Ahora mismo acaba de irse una heneadora después de decirme con tono
compasivo: -«Pobre hermanita, ¡cómo tiene que cansarte estar escribiendo así
todo el día! -«No te preocupes, le contesté, parece que escribo mucho, pero en
realidad no escribo casi nada». -«Me alegro, me dijo ya más tranquila; de todas
formas, me alegro de que estemos con la siega, pues eso no dejará de distraerte
un poco». Y, en efecto, es una distracción tan grande la que tengo (sin contar
las visitas de las enfermeras), que no miento cuando digo que no escribo casi
nada. Por suerte, no me desanimo fácilmente. Para demostrárselo, Madre, voy a
terminar de explicarle lo que Jesús me ha hecho comprender acerca de la
caridad. Hasta aquí sólo le he hablado de lo exterior. Ahora quisiera decirle
cómo entiendo yo la caridad puramente espiritual.

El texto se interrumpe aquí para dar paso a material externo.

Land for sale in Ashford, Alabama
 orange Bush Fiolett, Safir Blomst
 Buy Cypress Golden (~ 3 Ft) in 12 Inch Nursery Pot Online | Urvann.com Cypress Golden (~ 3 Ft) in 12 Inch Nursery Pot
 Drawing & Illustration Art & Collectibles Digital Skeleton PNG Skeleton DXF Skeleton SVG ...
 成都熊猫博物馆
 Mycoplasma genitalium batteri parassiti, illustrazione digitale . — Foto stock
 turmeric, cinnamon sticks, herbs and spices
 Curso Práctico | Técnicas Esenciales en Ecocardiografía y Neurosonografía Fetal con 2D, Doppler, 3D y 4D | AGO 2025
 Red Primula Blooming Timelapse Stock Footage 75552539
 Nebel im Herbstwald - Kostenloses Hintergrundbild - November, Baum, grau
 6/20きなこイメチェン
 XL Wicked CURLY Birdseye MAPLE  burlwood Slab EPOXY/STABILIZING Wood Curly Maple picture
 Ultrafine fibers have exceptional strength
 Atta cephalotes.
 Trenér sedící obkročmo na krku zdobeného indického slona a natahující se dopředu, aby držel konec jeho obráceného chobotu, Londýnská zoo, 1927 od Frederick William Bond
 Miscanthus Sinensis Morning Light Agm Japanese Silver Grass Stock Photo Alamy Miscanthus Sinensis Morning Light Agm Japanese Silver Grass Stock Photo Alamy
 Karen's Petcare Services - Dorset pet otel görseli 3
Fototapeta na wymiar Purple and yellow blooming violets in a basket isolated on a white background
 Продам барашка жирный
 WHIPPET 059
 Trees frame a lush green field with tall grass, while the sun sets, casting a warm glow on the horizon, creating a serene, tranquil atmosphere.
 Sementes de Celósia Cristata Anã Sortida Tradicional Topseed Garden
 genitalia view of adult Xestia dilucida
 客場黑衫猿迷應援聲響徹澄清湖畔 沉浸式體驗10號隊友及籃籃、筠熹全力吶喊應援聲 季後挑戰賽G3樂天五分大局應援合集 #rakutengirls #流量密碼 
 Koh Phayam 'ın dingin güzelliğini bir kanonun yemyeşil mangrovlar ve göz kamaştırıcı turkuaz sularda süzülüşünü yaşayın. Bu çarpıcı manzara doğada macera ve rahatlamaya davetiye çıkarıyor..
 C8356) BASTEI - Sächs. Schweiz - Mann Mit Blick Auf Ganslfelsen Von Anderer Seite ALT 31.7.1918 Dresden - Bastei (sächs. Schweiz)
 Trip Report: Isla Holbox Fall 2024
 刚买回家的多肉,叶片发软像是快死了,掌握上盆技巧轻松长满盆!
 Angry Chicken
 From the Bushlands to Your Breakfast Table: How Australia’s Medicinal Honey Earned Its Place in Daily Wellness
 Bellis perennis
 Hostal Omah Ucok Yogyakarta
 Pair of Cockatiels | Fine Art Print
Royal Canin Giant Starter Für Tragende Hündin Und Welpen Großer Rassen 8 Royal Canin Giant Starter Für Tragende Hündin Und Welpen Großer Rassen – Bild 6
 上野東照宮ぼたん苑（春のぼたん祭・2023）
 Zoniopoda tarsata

Estoy segura, Madre,
de que no tardaré en mezclar una con otra.
Pero como es a usted a quien le
hablo, sé que no le será difícil captar mi pensamiento y desenredar la madeja
de su hija. No siempre es posible en el Carmelo practicar al pie de la letra
las enseñanzas del Evangelio. A veces una se ve obligada, en razón de su
oficio, a negarse a hacer un favor. Pero cuando la caridad ha echado hondas
raíces en el alma, se manifiesta al exterior. Hay una forma tan elegante de
negar lo que no se puede dar, que la negativa agrada tanto como el mismo don.
Es cierto que cuesta menos pedir un favor a una hermana que está siempre
dispuesta a complacernos. Pero Jesús dijo: «Al que te pide prestado, no lo
rehuyas».
Así pues, no debemos huir de las hermanas que tienen la costumbre de
estar siempre pidiendo favores, con el pretexto de que tendremos que
negárselos. Ni debemos tampoco ser serviciales por parecerlo, o con la
esperanza de que en otra ocasión la hermana a la que ahora ayudamos nos
devolverá el favor, pues Nuestro Señor nos dice también: «Y si prestáis a
aquellos de los esperáis recibir, ¿qué mérito tenéis? También los pecadores
prestar a otros pecadores con intención de cobrárselo. No, vosotros prestad sin
esperar nada, y tendréis un gran premio». Sí, el premio es grande, incluso en
esta tierra... En este camino, sólo cuesta dar el primer paso.
Prestar sin
esperar nada a cambio parece duro a la naturaleza; preferiríamos dar, pues lo
que damos ya no nos pertenece. Cuando alguien viene a decirnos con aire
muy sincero: «Hermana, necesito tu ayuda durante unas horas; pero no te
preocupes, que ya tengo permiso de nuestra Madre, y en otra ocasión te
devolveré el tiempo que me dediques, pues sé lo ocupada que estás», como
realmente sabemos muy bien que ese tiempo que prestamos nunca se nos devolverá,
preferiríamos decir: Te lo regalo Esto satisfaría nuestro amor propio, pues dar
es un acto más generoso que prestar, y además así hacemos saber a la hermana
que no contamos con sus servicios... ¡Qué contrarias a los sentimientos de la
naturaleza son las enseñanzas de Jesús! Sin la ayuda de su gracia, no sólo no
podríamos ponerlas por obra, sino ni siquiera comprenderlas.